(Task statement):
Below are some entries. Repeat exactly the lines from the one with "Stroke series video" through the one with "ICSI (Intracytoplasmic Sperm", and only those.

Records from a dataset
==================================================

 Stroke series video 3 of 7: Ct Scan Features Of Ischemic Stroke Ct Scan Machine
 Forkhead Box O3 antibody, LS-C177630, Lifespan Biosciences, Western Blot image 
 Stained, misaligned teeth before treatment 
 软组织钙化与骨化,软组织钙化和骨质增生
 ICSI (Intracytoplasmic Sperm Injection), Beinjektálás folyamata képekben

==================================================

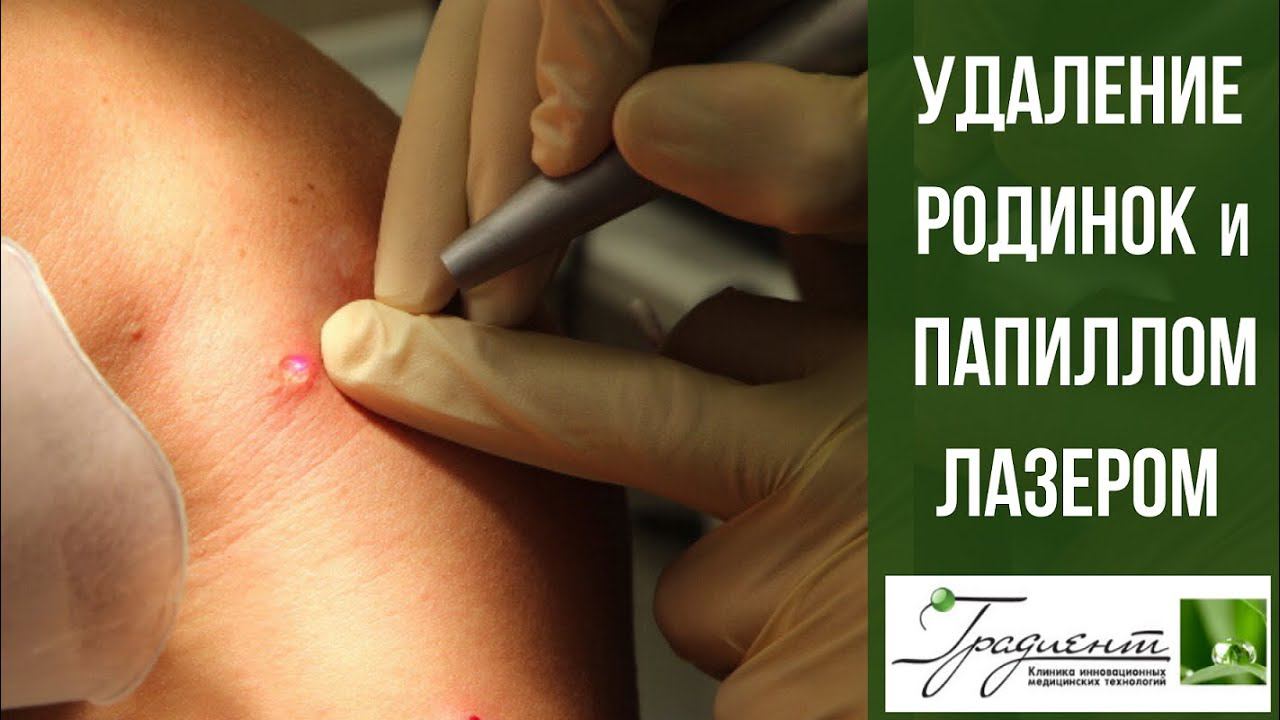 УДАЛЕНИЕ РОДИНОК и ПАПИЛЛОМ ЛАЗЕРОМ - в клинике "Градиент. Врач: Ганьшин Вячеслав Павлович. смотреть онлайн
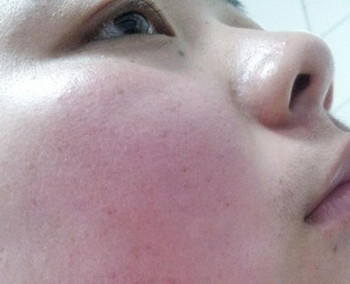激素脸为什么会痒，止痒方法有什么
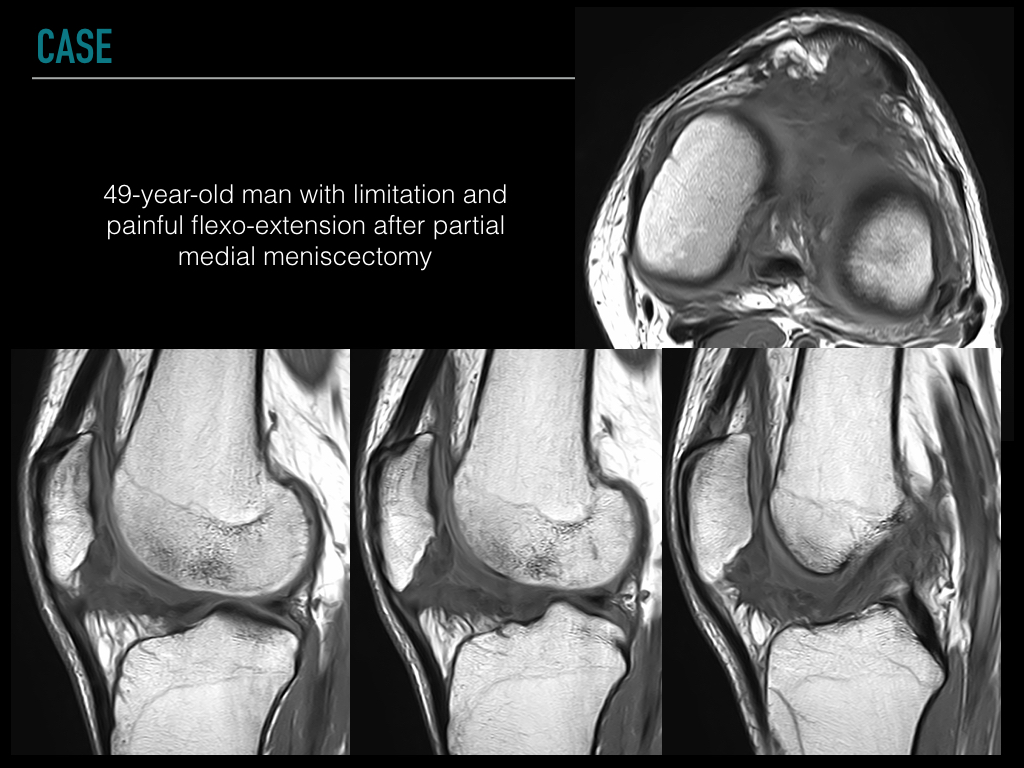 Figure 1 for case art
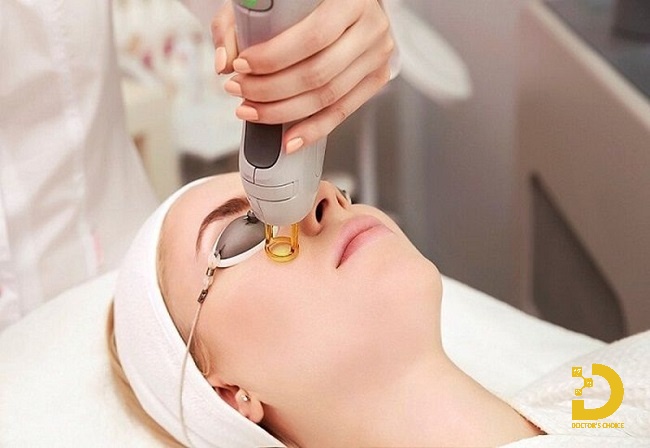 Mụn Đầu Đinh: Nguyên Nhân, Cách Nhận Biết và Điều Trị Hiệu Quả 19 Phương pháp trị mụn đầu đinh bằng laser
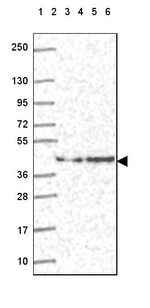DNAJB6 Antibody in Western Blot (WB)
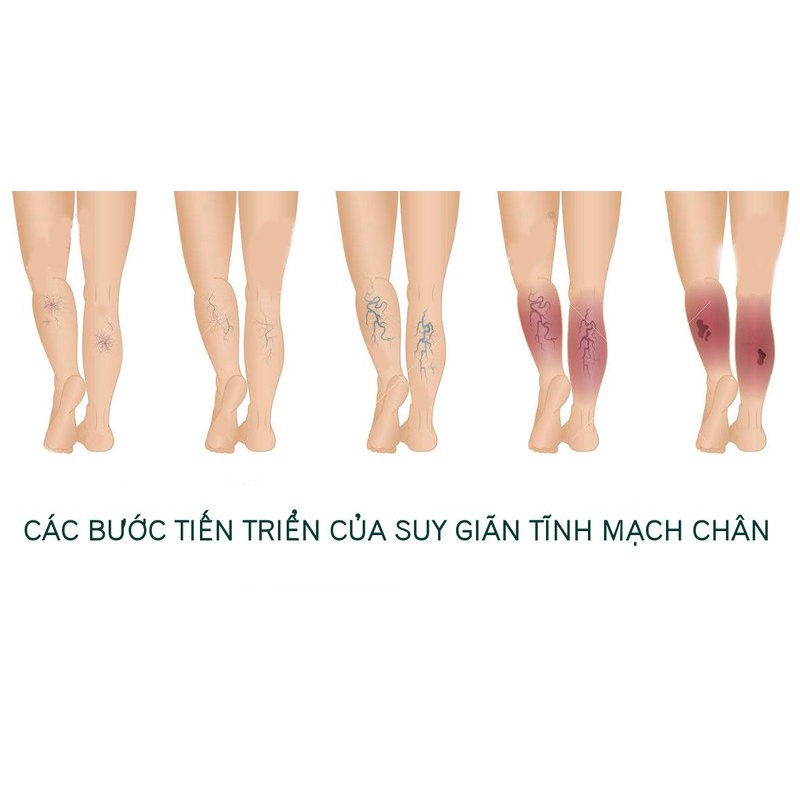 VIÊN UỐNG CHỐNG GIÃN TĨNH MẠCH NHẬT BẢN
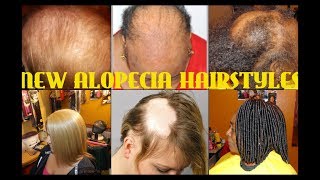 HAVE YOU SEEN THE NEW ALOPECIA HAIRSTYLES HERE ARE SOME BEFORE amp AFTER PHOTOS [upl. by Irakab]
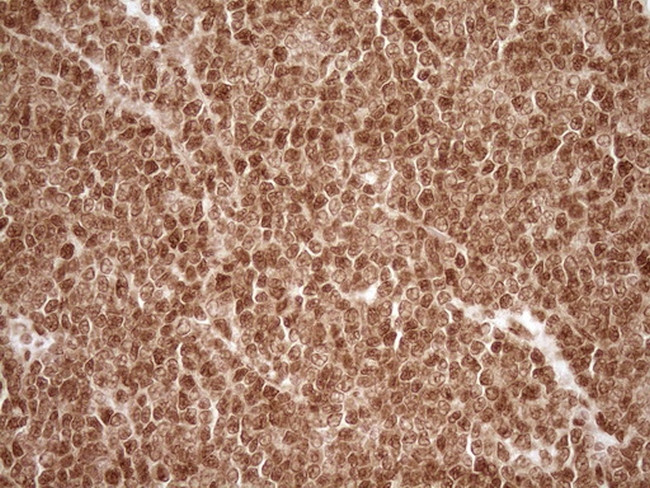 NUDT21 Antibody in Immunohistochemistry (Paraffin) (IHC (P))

==================================================

(Answer section):
 Stroke series video 3 of 7: Ct Scan Features Of Ischemic Stroke Ct Scan Machine
 Forkhead Box O3 antibody, LS-C177630, Lifespan Biosciences, Western Blot image 
 Stained, misaligned teeth before treatment 
 软组织钙化与骨化,软组织钙化和骨质增生
 ICSI (Intracytoplasmic Sperm Injection), Beinjektálás folyamata képekben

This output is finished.